I know when I place two devices in parallel the current is lowered and when you place a resistor in series with the devices it will lower it, but is there not a better way to do this?

In the picture of the circuit the AM1 will be the bell and AM2 the circuit for powering the Pi. Is this safe so that AM1 will not be over 1A?

• You are begging for issues if you are going to share a transformer between the bell and the RPi. The bell's transformer is designed to work with such a bell, the voltage will drop dignificantly when the bell is rung but that is OK, it is designed to behave like that. A 12 V 2 A transformer is overkill for an RPi as you need 5 V DC, 2 A for an RPi. So I would use a DC power adapter (USB charger) for that. Coming back to combining the two on the same transformer: chances are that if the bell is rung, the voltage drop and/or spikes on the bell's connections might reset the RPi. Nov 25 at 14:38
• If you want to detect that the bell is rung with the RPi, I would use an optocoupler which will be easy to use with an RPi. Nov 25 at 14:41
• Your circuit drawing doesn't represent how this would behave. The transformer behaves as a voltage source, not a current source like you have drawn. It is not about dividing the currents to the bell and RPi, the bell and RPi need to have the correct voltage. That can be done (for the bell) with a resistor but that resistor needs to be a high power resistor and it will get hot. Also a transformer outputs AC while an RPi can only work from DC. Nov 25 at 14:45
• For the raspberry pi I will place a AC to DC converter. Nov 25 at 14:54

without giving the device a too high current?
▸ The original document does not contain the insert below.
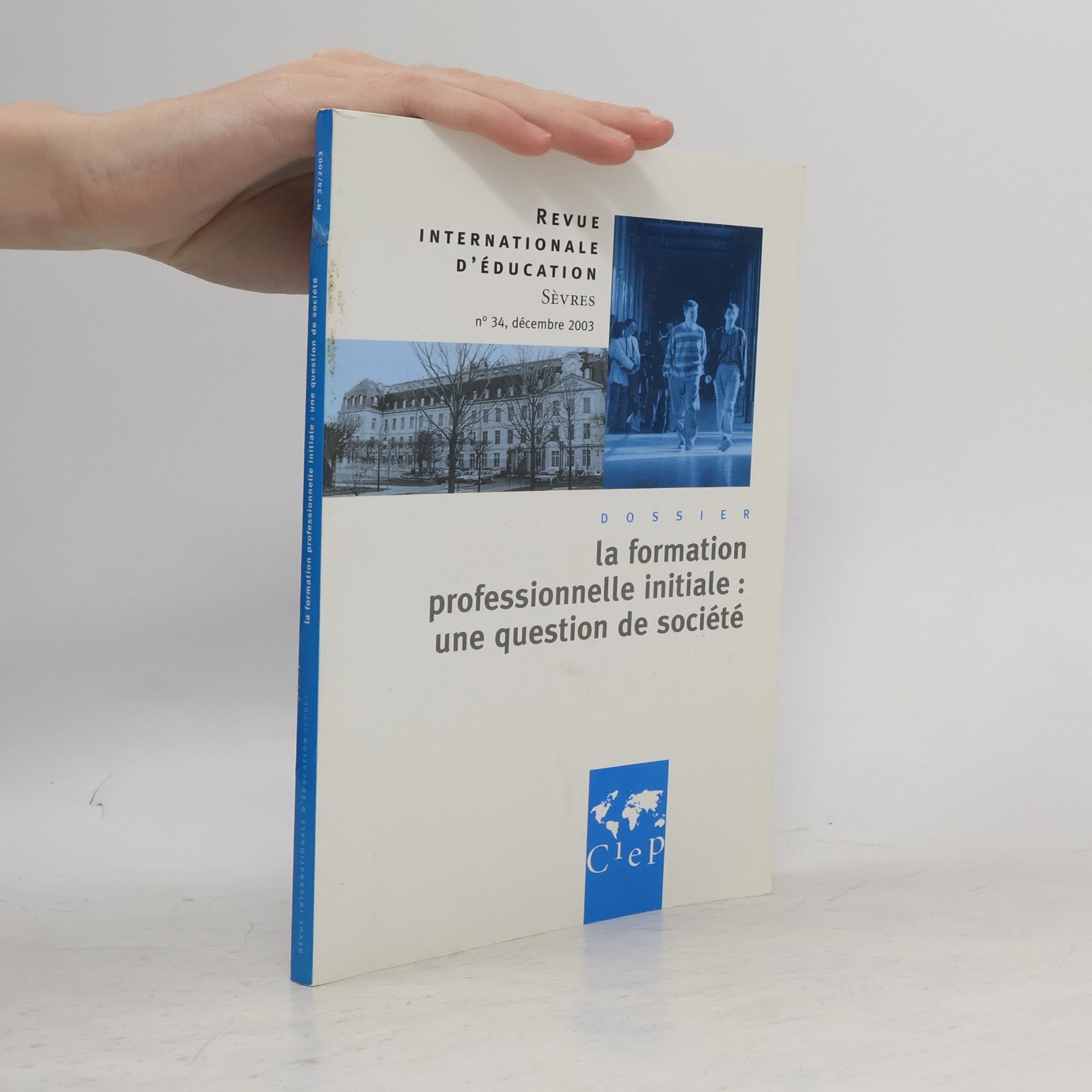 Autorenkollektiv Revue Internationale d'Éducation Sèvres - 34: La formation professionnelle initiale : Une question de société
You misunderstand electricity.

voltage is pushed, current is pulled


That is, each load takes as little or as much current as it wants. The transformer doesn't force current onto the loads. No. The loads set the current.

Your drawing shows a current source on the left. That is wrong. A transformer is a voltage source (or darn close to it) not a current source.

Is this safe so that AM1 will not be over 1A?

12 V / 200 Ohm = 60 mA. So, yes, the current will be less that 1 A. Way less.

Raspberry pi.

A Raspberry pi is not a resistor! You must add a 12 Vac to 5 Vdc power supply between the transformer and the Raspberry pi to power it.

I suggest you have a look at the Ring ‘Pro’ Power Kit (https://support.ring.com/hc/en-au/articles/212004006-What-is-the-Pro-Power-Kit-) This is installed across the bell coil to provide extra current to the Ring without the bell being activated. While as a stock unit it may not provide enough current for the Pi, it could be reverse-engineered and modified for your purpose.

Even with this bypass, you may still need to consider a battery at the Pi to deal with peak currents.